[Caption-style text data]
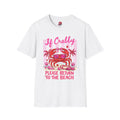 If Crabby Please Return To The Beach T-Shirt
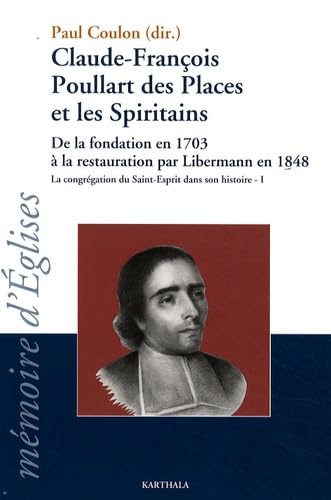 Claude-François Poullart des Places et les Spiritains : De la fondation en 1703 à la restauration par Libermann en 1848 : La Congégation du Saint-Esprit dans son histoire. I.
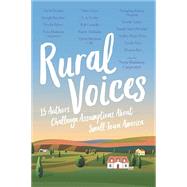 Rural Voices 15 Authors Challenge Assumptions About Small-Town America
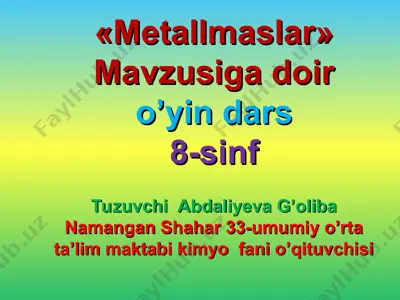 metallmaslar mavzusiga doir o’yin dars — PPT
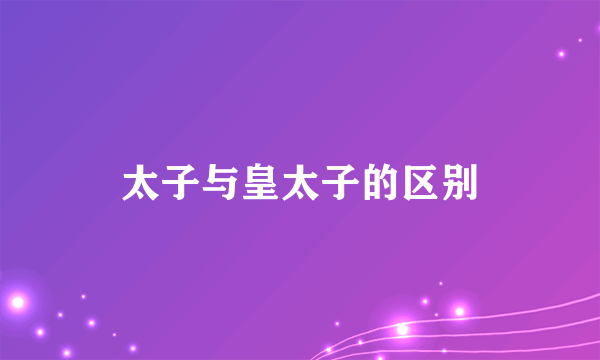 太子与皇太子的区别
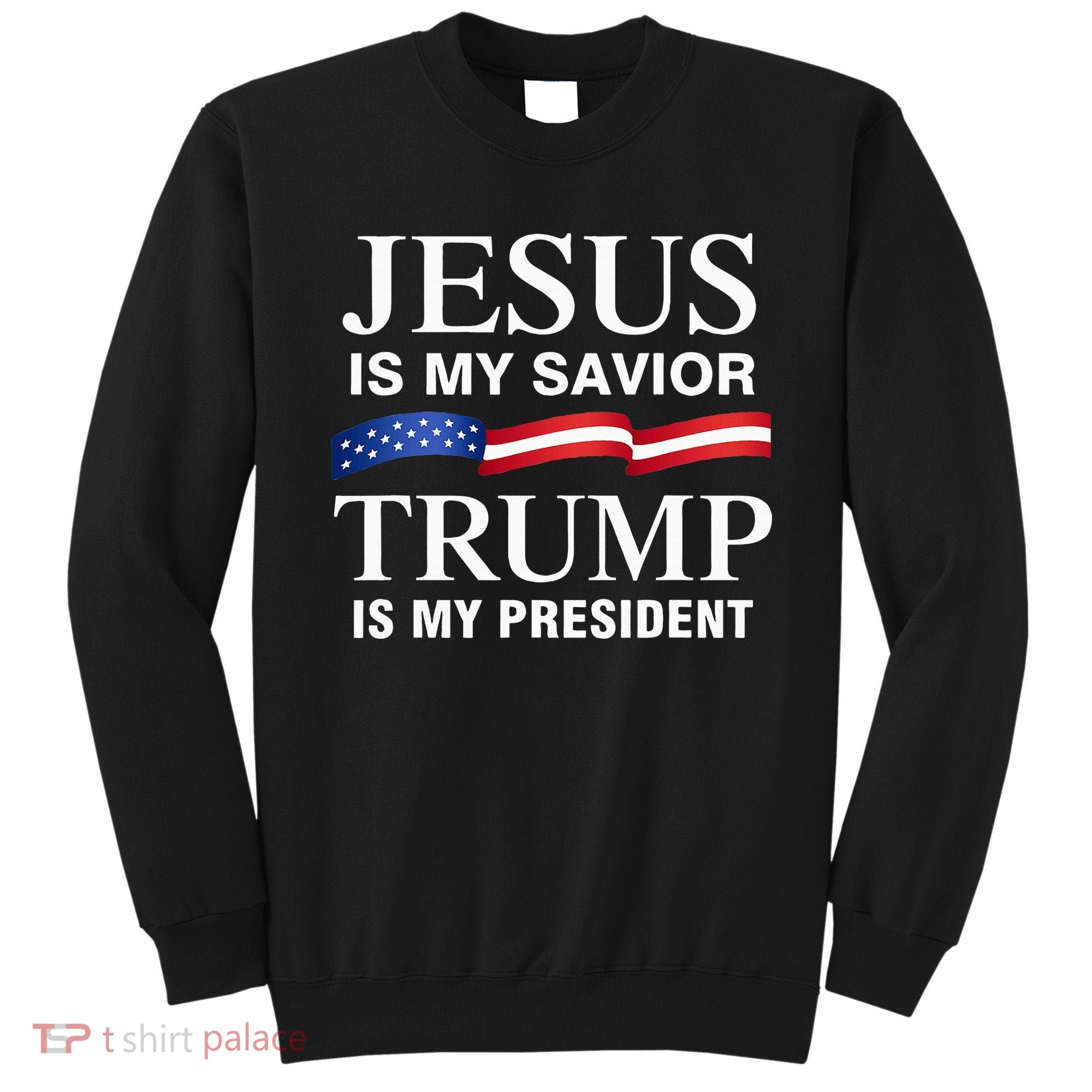 Jesus Is My Savior Trump Is My President Sweatshirt
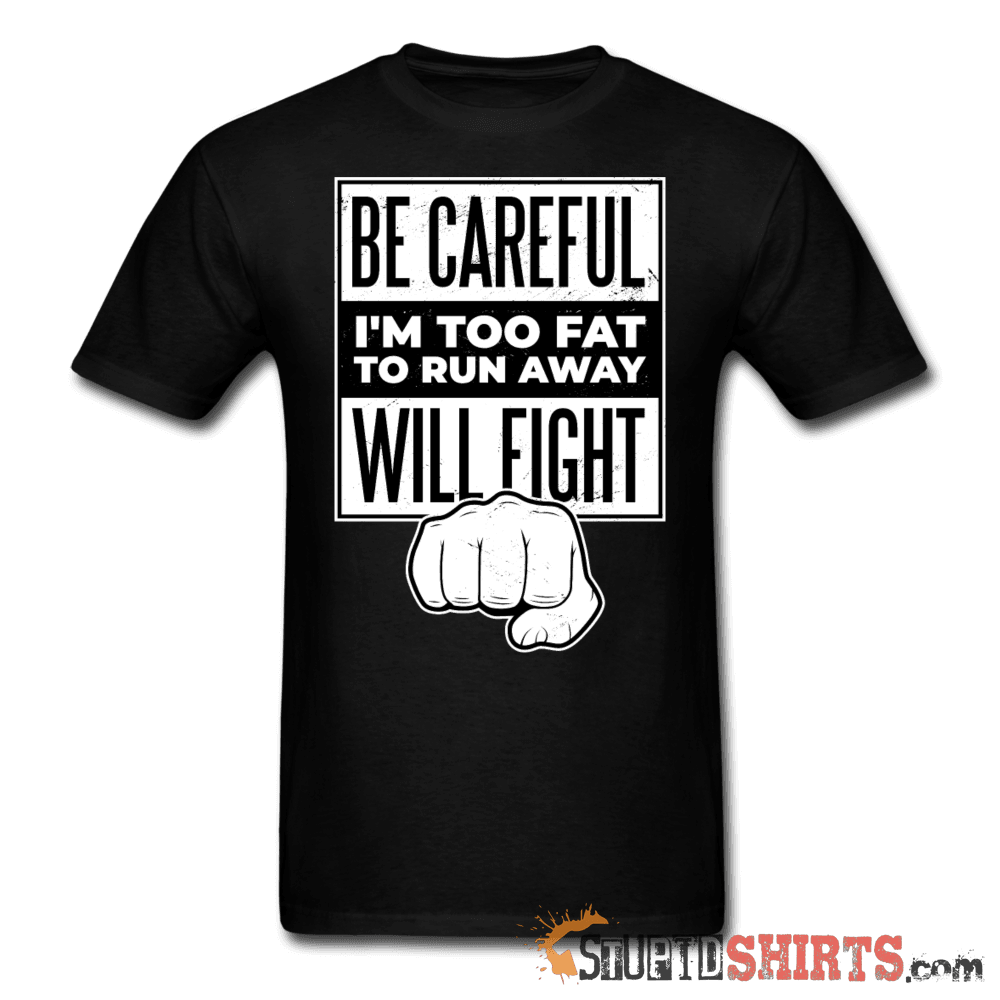 Be Careful I'm Too Fat Funny T-Shirt | StupidShirts.com Unisex T-Shirt StupidShirts.com
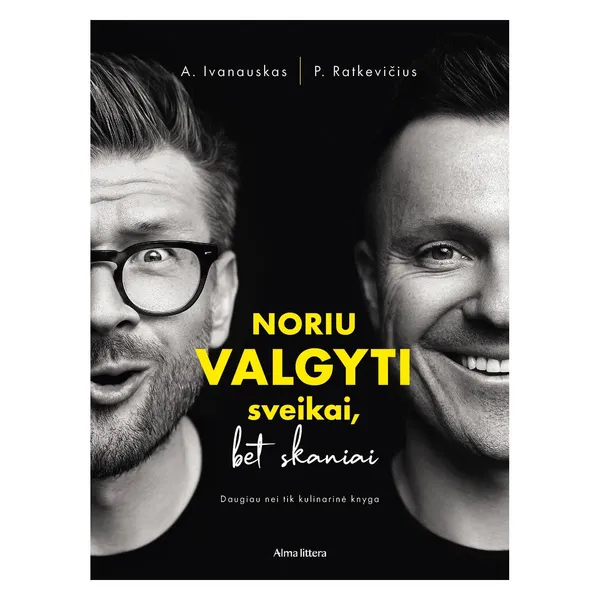 Knyga Alfas Ivanauskas, Paulius Ratkevičius NORIU VALGYTI SVEIKAI, BET SKANIAI
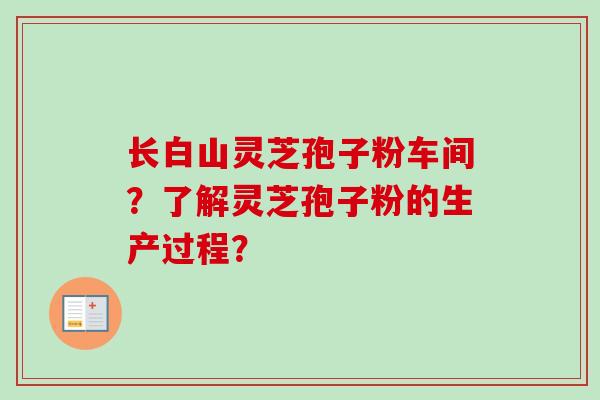 长白山灵芝孢子粉车间？了解灵芝孢子粉的生产过程？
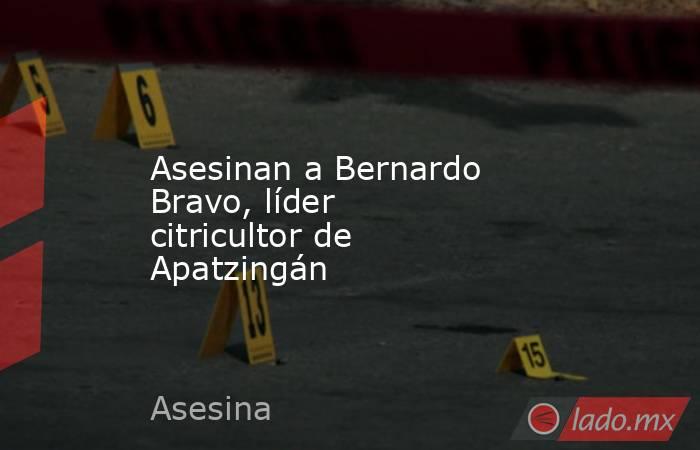 Asesinan a Bernardo Bravo, líder citricultor de Apatzingán. Noticias en tiempo real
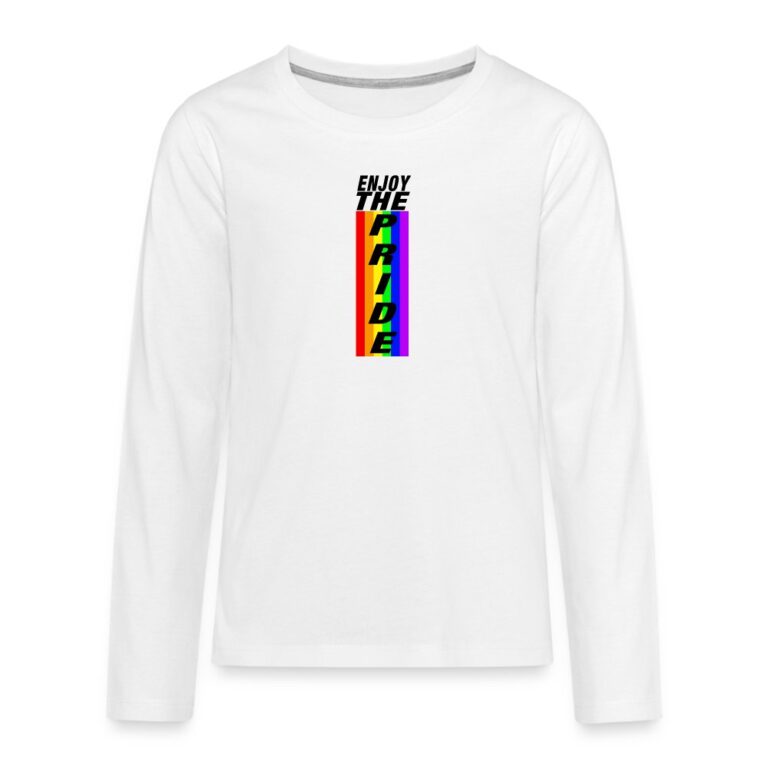 enjoy-the-pride-teenager-premium-langarmshirt-weiss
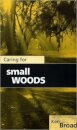 Caring for Small Woods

WORK REQUIRED: Give back exactly the lines from the one containing "Knyga Alfas Ivanauskas, Paulius" through the last line above, both included, and none of the pictures.

RESPONSE BOX:
 Knyga Alfas Ivanauskas, Paulius Ratkevičius NORIU VALGYTI SVEIKAI, BET SKANIAI
 长白山灵芝孢子粉车间？了解灵芝孢子粉的生产过程？
 Asesinan a Bernardo Bravo, líder citricultor de Apatzingán. Noticias en tiempo real
 enjoy-the-pride-teenager-premium-langarmshirt-weiss
 Caring for Small Woods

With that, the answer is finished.